I due principi di diritto sopra citati sono stati resi in materia di requisiti di onorabilità necessari per l’aggiudicazione di appalti pubblici. Sul punto la Corte ha chiarito che l’art. 80 della Direttiva Europea 2014/25 non esclude che il giudice nazionale, pur in presenza della sussistenza di un requisito di esclusione della gara per la presenza di cause ostative, possa procedere ad una sua valutazione discrezionale volta a ritenere la non ostatività in concreto della causa di esclusione sia con riguardo al comportamento tenuto nella causazione dell’illecito da parte del soggetto che con riguardo alla data in cui lo stesso è stato commesso.
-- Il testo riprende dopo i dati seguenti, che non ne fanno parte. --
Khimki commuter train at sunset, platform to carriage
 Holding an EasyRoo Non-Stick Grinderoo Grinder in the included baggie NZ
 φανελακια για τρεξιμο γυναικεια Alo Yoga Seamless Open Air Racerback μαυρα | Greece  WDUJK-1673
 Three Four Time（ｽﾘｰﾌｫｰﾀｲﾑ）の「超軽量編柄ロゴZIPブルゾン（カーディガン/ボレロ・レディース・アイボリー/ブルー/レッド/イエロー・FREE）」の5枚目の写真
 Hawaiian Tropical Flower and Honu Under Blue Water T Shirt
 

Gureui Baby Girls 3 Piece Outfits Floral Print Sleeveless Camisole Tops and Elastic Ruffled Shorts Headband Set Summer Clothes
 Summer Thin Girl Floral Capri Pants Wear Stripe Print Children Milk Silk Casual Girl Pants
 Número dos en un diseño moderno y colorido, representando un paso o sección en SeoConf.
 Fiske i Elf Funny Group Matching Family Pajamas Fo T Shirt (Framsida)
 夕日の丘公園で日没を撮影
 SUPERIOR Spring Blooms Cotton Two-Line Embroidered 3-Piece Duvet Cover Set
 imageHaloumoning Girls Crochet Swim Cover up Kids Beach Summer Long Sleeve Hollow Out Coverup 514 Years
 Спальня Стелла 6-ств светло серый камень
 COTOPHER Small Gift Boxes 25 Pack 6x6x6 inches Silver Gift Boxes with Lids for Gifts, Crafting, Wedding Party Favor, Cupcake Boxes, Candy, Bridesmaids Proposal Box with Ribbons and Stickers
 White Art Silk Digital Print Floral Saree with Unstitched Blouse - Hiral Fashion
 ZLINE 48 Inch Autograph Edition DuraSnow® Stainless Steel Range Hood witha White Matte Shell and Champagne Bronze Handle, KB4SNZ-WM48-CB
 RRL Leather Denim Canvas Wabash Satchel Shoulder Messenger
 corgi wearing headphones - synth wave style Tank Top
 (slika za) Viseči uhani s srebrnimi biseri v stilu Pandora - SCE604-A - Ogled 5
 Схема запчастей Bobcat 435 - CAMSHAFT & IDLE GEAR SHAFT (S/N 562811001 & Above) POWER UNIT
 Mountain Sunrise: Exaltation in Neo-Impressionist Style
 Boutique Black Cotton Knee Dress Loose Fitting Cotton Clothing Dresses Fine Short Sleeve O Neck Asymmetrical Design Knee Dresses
Corte di giustizia, 25 ottobre 2018, C-331/17, Martina Sciotto c. Fondazione Teatro dell’Opera di Roma
La clausola 5 dell’accordo quadro sul lavoro a tempo determinato, concluso il 18 marzo 1999, che figura in allegato alla direttiva 1999/70/CE del Consiglio, del 28 giugno 1999, relativa all’accordo quadro CES, UNICE e CEEP sul lavoro a tempo determinato, deve essere interpretata nel senso che essa osta ad una normativa nazionale, come quella di cui trattasi nel procedimento principale, in forza della quale le norme di diritto comune disciplinanti i rapporti di lavoro, e intese a sanzionare il ricorso abusivo a una successione di contratti a tempo determinato tramite la conversione automatica del contratto a tempo determinato in un contratto a tempo indeterminato se il rapporto di lavoro perdura oltre una data precisa, non sono applicabili al settore di attività delle fondazioni lirico-sinfoniche, qualora non esista nessun’altra misura effettiva nell’ordinamento giuridico interno che sanzioni gli abusi constatati in tale settore.
La Corte, in sede di rinvio pregiudiziale da parte del giudice nazionale italiano, ha interpretato l’art. 5 dell’accordo quadro sul lavoro a tempo determinato allegato alla direttiva 1999/70/CE come ostativo per escludere nel novero dei contratti a tempo determinato conclusi nel settore delle fondazioni lirico-sinfoniche la conversione del contratto a termine in contratto a tempo indeterminato tutte le volte in cui sia stato fatto ricorso abusivo a una successione di contratti.